** PROBLEM TO WORK ON **
Below are lines of records; copy exactly those from the one containing "square root of 4761" through the one containing "i cant believe", leaving the pictures behind.
[Opening MATERIAL SUPPLIED section]
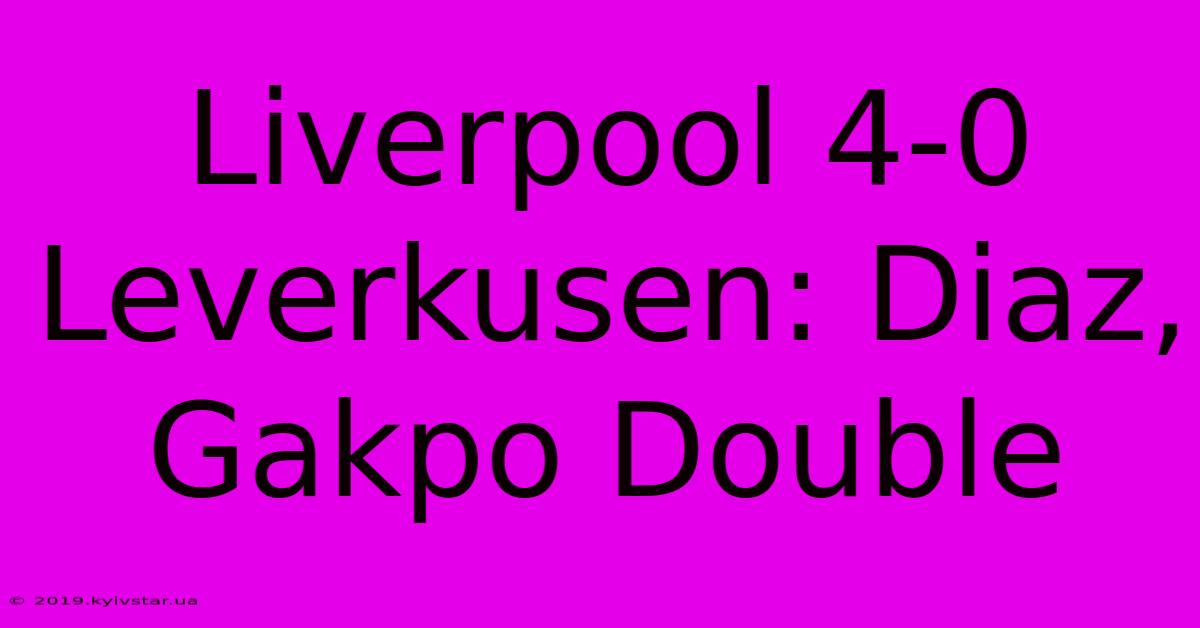 Liverpool 4-0 Leverkusen: Diaz, Gakpo Double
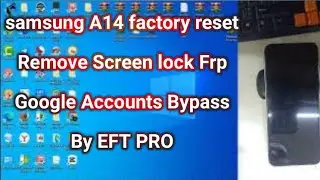 samsung a14 factory reset Remove Screen lock Frp Google Accounts Bypass By EFT PRO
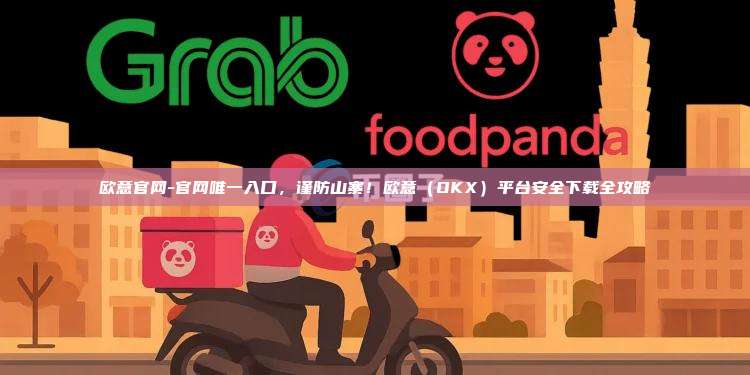 欧意官网-官网唯一入口，谨防山寨！欧意（OKX）平台安全下载全攻略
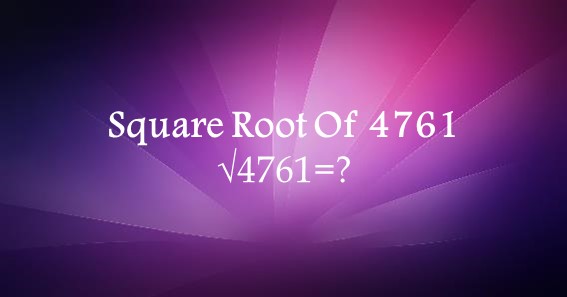 square root of 4761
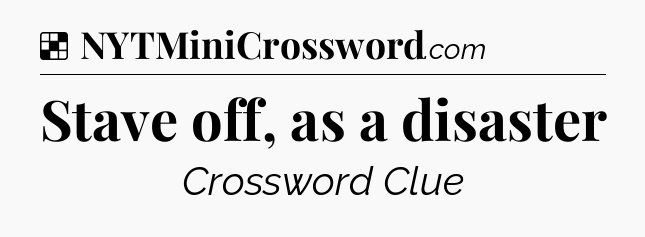 Solution: Stave off, as a disaster - NYT Crossword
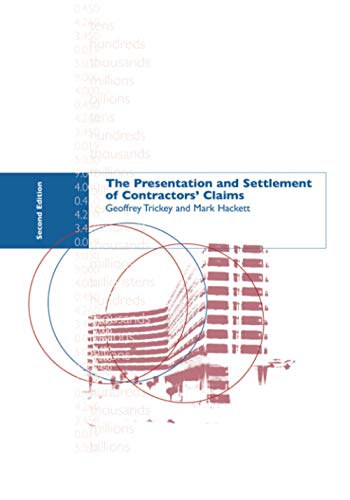 Stock image for The Presentation and Settlement of Contractors' Claims - E2 for sale by Blackwell's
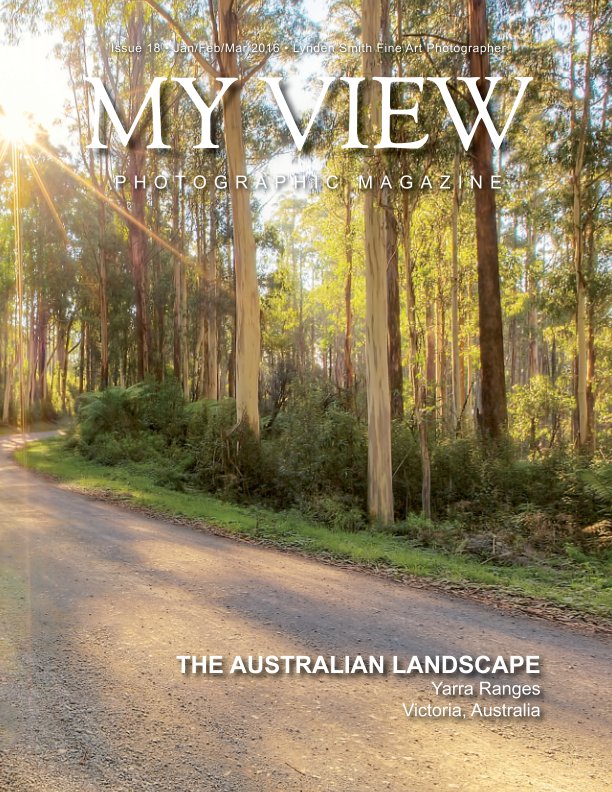 My View Issue 18 Quarterly Magazine nach Lynden Smith anzeigen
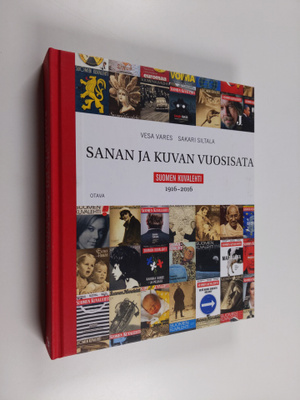 Vesa Vares : Sanan ja kuvan vuosisata : Suomen Kuvalehti ...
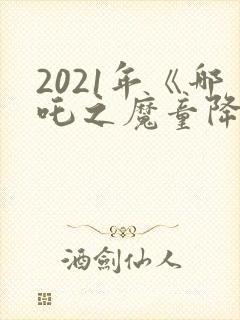 2021年《哪吒之魔童降世》观后感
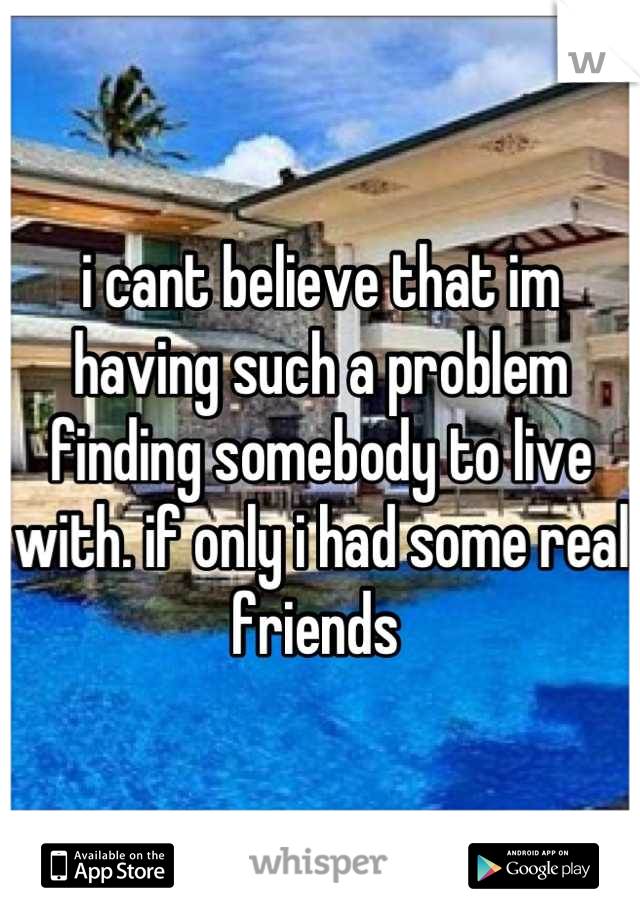 i cant believe that im having such a problem finding somebody to live with. if only i had some real friends 
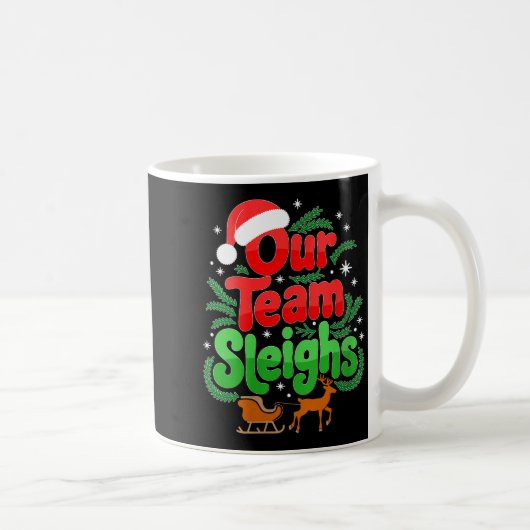 Womens Our Team Sleighs Christmas Reindeers Santa' Kaffeetasse (Rechts)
[Closing MATERIAL SUPPLIED section]
** COMPLETED EXERCISE **
 square root of 4761
 Solution: Stave off, as a disaster - NYT Crossword
 Stock image for The Presentation and Settlement of Contractors' Claims - E2 for sale by Blackwell's
 My View Issue 18 Quarterly Magazine nach Lynden Smith anzeigen
 Vesa Vares : Sanan ja kuvan vuosisata : Suomen Kuvalehti ...
 2021年《哪吒之魔童降世》观后感
 i cant believe that im having such a problem finding somebody to live with. if only i had some real friends 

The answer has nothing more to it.